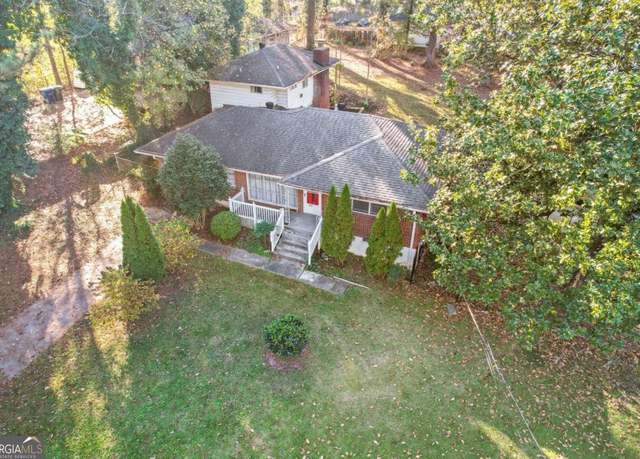 Property at 2081 Dodson Dr SW, Atlanta, GA 30311, 4 beds, 2.5 baths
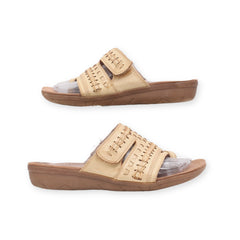 "Bare Traps" Vintage Sandals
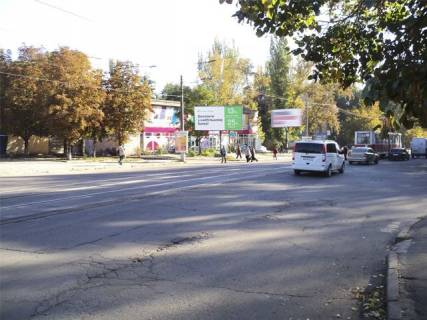 Билборд B в Кривом Роге, 6x3  Соборності вул., 51 - Стрельникова вул. (ТЦ "Схід", ТЦ "ProStor"), від Металургів пр. фото 1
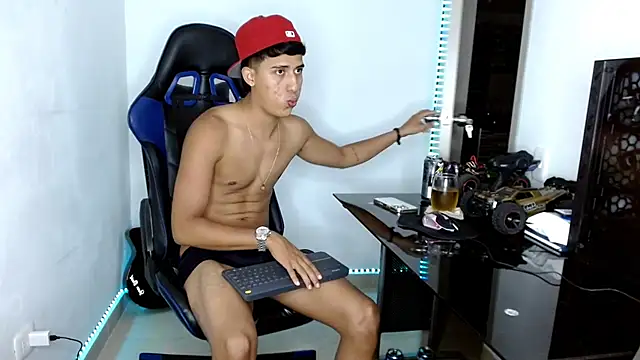 Snapshot of Juan_da01 chatting on March 2, 12:20 am Juan da01 online show from March 2, 12:20 am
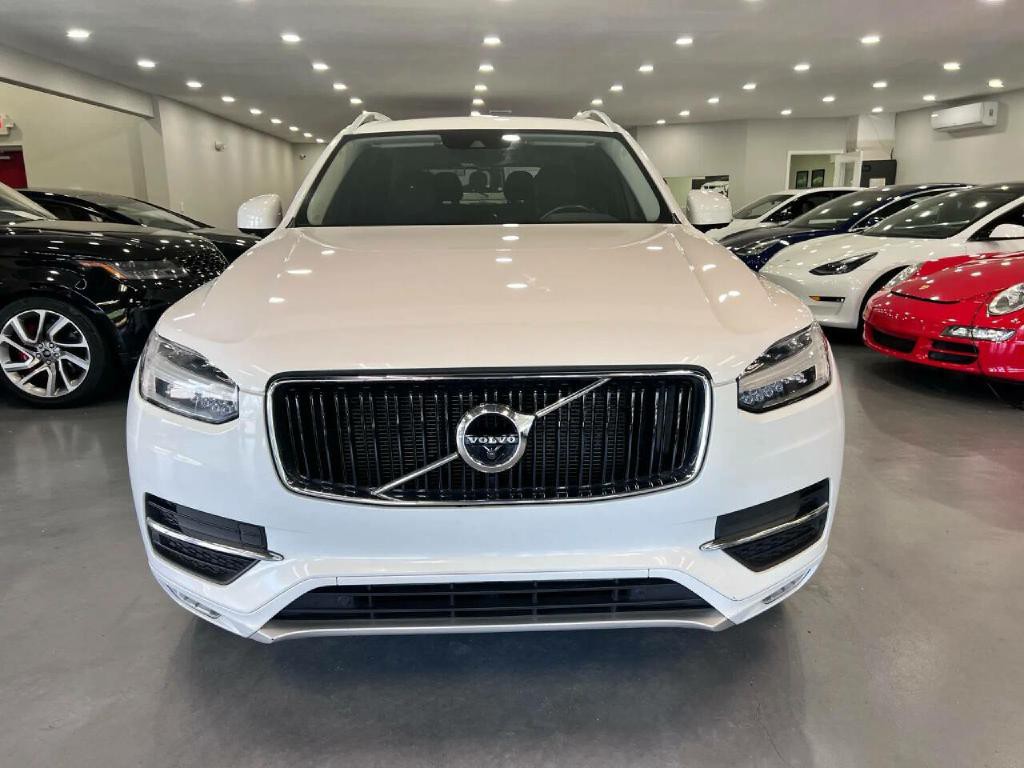 2018 Volvo XC90 Image 2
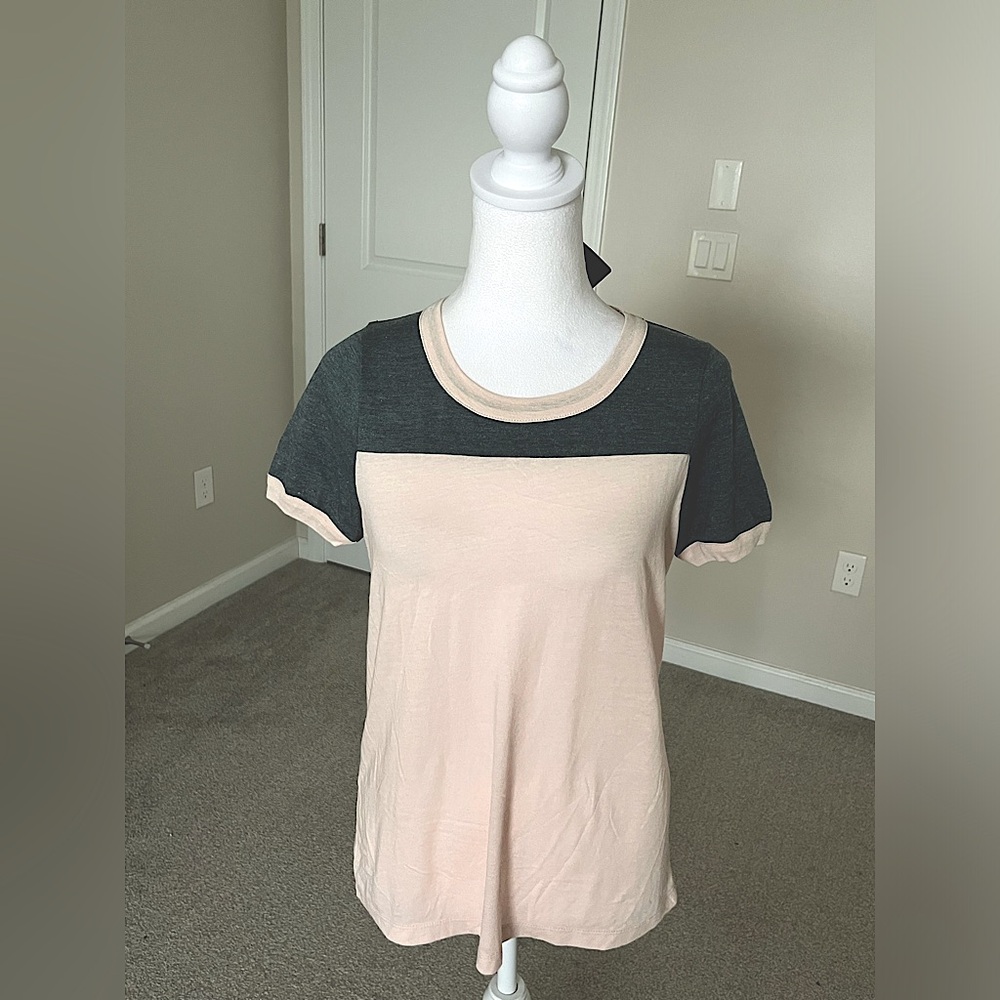 NWT Chaser Pink and Gray Shirt Sleeve Top Size Medium
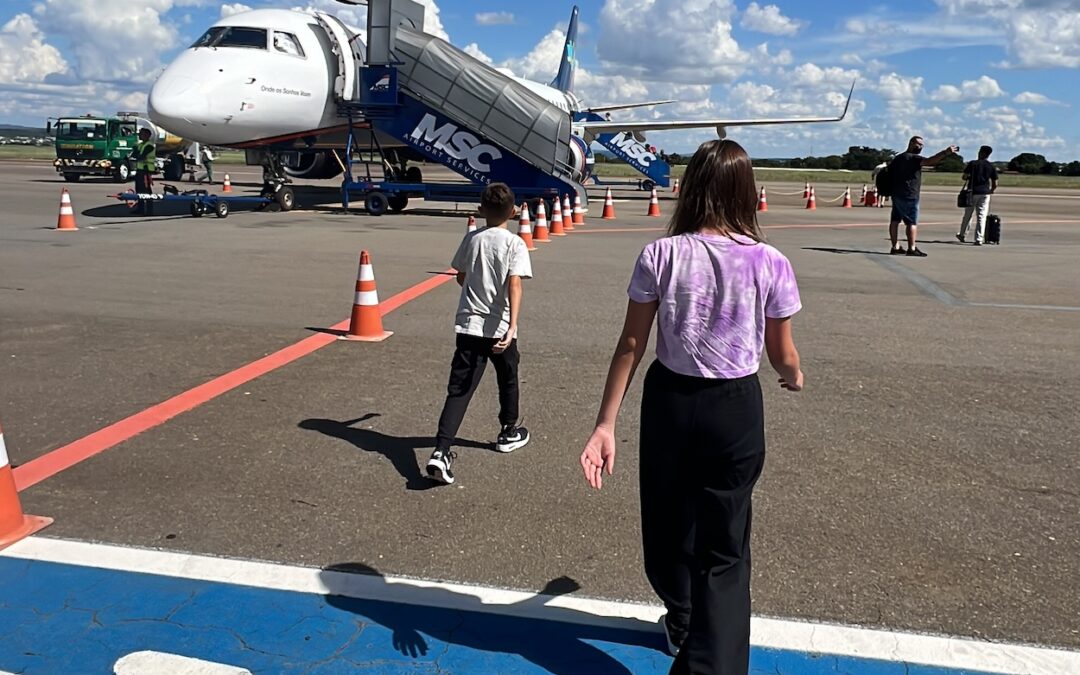 Como comprar passagens aéreas baratas: guia completo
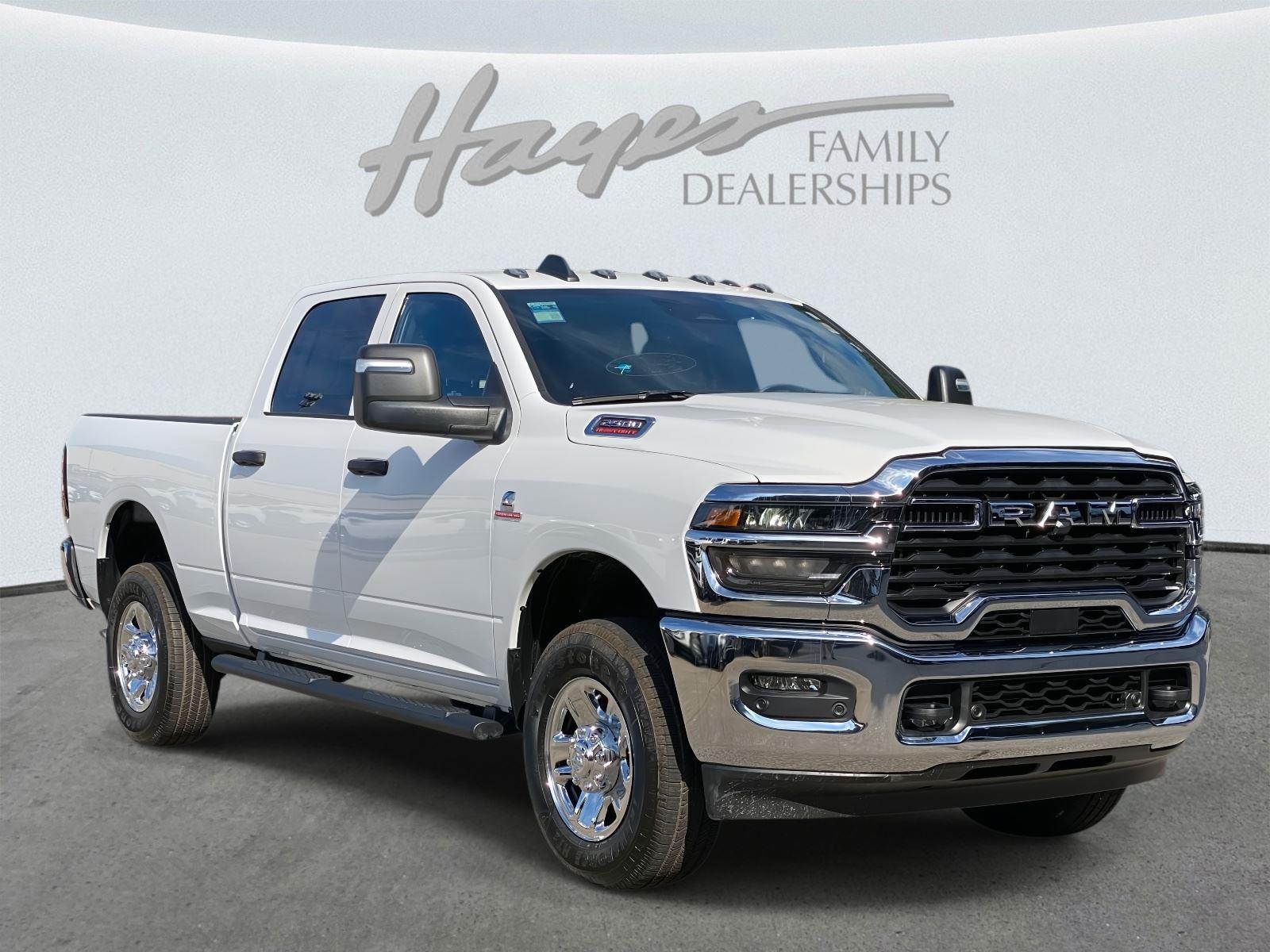 2025 Ram 2500 Tradesman photo 2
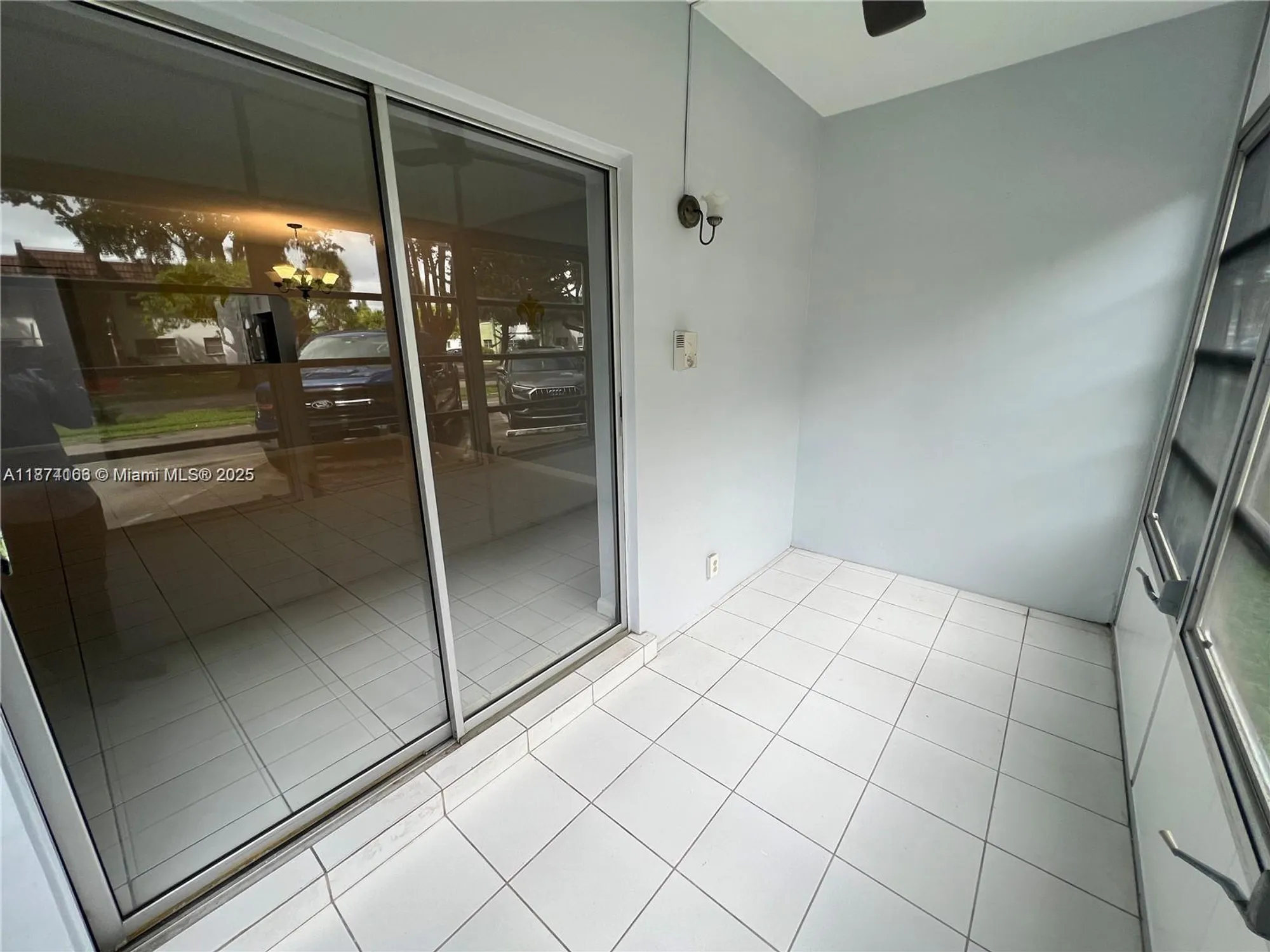 Property Slideshow image 36 of 39 | 4750 nw 22nd ct 114, Lauderhill, FL, 33313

#### [Task to carry out]
The expected result is every record above, word for word, with no pictures in it.

#### [Answer below]
 Property at 2081 Dodson Dr SW, Atlanta, GA 30311, 4 beds, 2.5 baths
 "Bare Traps" Vintage Sandals
 Билборд B в Кривом Роге, 6x3  Соборності вул., 51 - Стрельникова вул. (ТЦ "Схід", ТЦ "ProStor"), від Металургів пр. фото 1
 Snapshot of Juan_da01 chatting on March 2, 12:20 am Juan da01 online show from March 2, 12:20 am
 2018 Volvo XC90 Image 2
 NWT Chaser Pink and Gray Shirt Sleeve Top Size Medium
 Como comprar passagens aéreas baratas: guia completo
 2025 Ram 2500 Tradesman photo 2
 Property Slideshow image 36 of 39 | 4750 nw 22nd ct 114, Lauderhill, FL, 33313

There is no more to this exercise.